Honeywell (HON) clearly doesn't want to let go of its bid for United Technologies (UTX).
And Friday, UTX countered Honeywell's recent arguments that a tie-up between the two manufacturers wouldn't encounter significant antitrust road blocks, and could unlock $72 billion in value for shareholders. Honeywell had rolled out the details of its investment pitch earlier in the day, and has said talks with UTX shouldn't have fallen apart over overblown regulatory concerns.
"I want to take this opportunity to set the record straight on a number of issues," UTX CEO Gregory Hayes said in a filing with the Securities and Exchange Commission, "United Technologies remains firm in its belief that any combination with Honeywell would encounter insurmountable regulatory challenges in the U.S., EU, China, Brazil, Canada and other markets."
The company added the deal would be "blocked outright" and that Honeywell has not adequately accessed the risks of antitrust regulators blocking the deal.
"The value destruction from the cloud of uncertainty hanging over our businesses, employees and customers during an extended review period would be significant, and, under Honeywell's proposed construct, borne much more heavily by United Technologies and our shareowners," Hayes said. "The most recent public statements made by Honeywell and its advisors have reinforced our assessment that Honeywell simply believes it is in its interests to gloss over these fundamental transaction risks in connection with pursuing this opportunistic approach."

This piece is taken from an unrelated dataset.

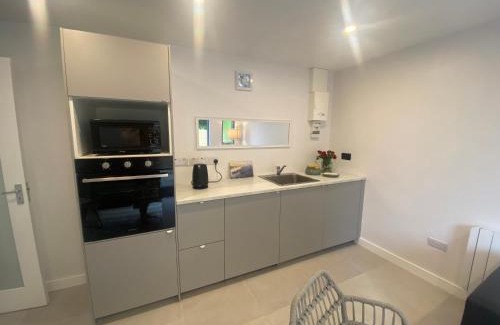 Carrick-on-Shannon Casa | Carrick on Shannon Cleaheen Self Catering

Earlier in the week, Honeywell downplayed antitrust obstacles and highlighted what could amount to substantial cost-cutting opportunities through business overlaps.

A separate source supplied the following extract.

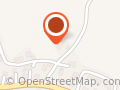 Area Eiendom AS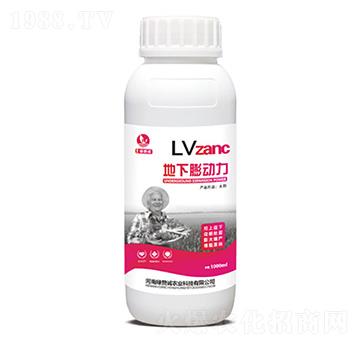 �������(d��ng)��-�Gٝ�\�r(n��ng)�I(y��)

"The value creation from a combination is significant, including the benefits of $3.5 billion in annualized cost synergies," Honeywell said in a statement Tuesday. "We do not see the regulatory process as a material obstacle to a transaction. In fact, a combination would benefit our customers and enhance our ability to offer a more comprehensive and compelling suite of technologies to serve their needs. Honeywell believes the combined company's financial profile would be stronger than the highest valued peers in the multi-industry group today, creating an opportunity for incremental value for both sets of shareowners over the short- and long-term."
The last straw for UTX appears to be when Honeywell doubled down on its argument with its Friday presentation, unveiling the financials discussed behind the deal and the supposed value creation that would result from a merger. Honeywell said it would pay UTX shareholders $42.63 in cash per share, along with discounted Honeywell stock, and that the tie-up would create $72 billion in value between the two companies.